The single most common mental-model error in climate communication is treating pollution as a flow (something you can simply stop) rather than a stock (something that accumulates and must be drawn down) (Sterman, 2011). Watts and Wealth makes that distinction tactile. The pollution counter never resets between rounds. Direct Air Capture is one of the only cards in the deck that actively reduces pollution, and it is era-gated to round 7+. A player who watches pollution climb steadily across rounds 1–7 while their build choices feel “small” each turn is encountering the stock-flow asymmetry in a way no graph can replicate.
What this game is not for
Serious-games discourse periodically over-claims, and the design team is explicit about the limits. Watts and Wealth does not teach the chemistry of combustion, the engineering of power transmission, or the political economy of any specific national grid. It teaches the shape of the trade-off space: time pressure, technology lock-in, collective action, and the asymmetry between local benefit and global cost. That shape, repeated over thirty rounds, is the literacy the game is built to produce.
References
- Clark, D. B., Tanner-Smith, E. E. & Killingsworth, S. S. (2016). Digital Games, Design, and Learning: A Systematic Review and Meta-Analysis. Review of Educational Research, 86(1), 79-122. https://doi.org/10.3102/0034654315582065
- Gee, J. P. (2003). What Video Games Have to Teach Us About Learning and Literacy. Palgrave Macmillan.

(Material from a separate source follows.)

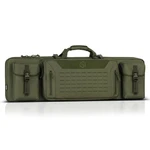 Pouzdro na pušku Double Urban Warfare 36" Savior® – Olive Green (Barva: Olive Green)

- Meadows, D. H. (2008). Thinking in Systems: A Primer. Chelsea Green Publishing.
- Plass, J. L., Homer, B. D. & Kinzer, C. K. (2015). Foundations of Game-Based Learning. Educational Psychologist, 50(4), 258-283. https://doi.org/10.1080/00461520.2015.1122533
- Squire, K. (2011). Video Games and Learning: Teaching and Participatory Culture in the Digital Age. Teachers College Press.